• Material provided:

= Beginning of Section =

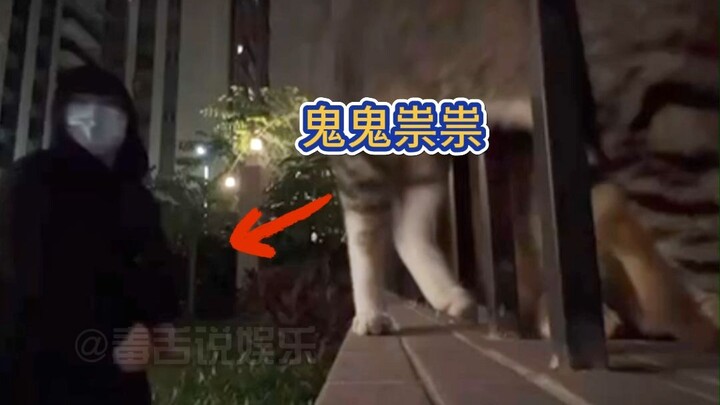 القط: ألا يتعين عليّ أن أقدّم شيئًا في المقابل؟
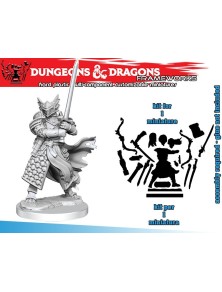 D&d Frameworks-dragonborn...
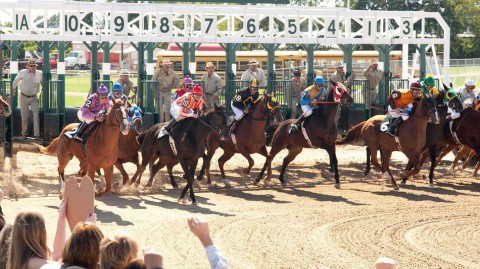 《奔腾人生》：当一位家庭主妇与一匹栗色马驹改写了赛马史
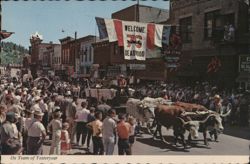 Deadwood Days of '76 Parade, Ox Team of Yesteryear Postcard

= End of Section =

• Task statement:
Output the listing above exactly, excluding all pictures.

• Final answer:
 القط: ألا يتعين عليّ أن أقدّم شيئًا في المقابل؟
 D&d Frameworks-dragonborn...
 《奔腾人生》：当一位家庭主妇与一匹栗色马驹改写了赛马史
 Deadwood Days of '76 Parade, Ox Team of Yesteryear Postcard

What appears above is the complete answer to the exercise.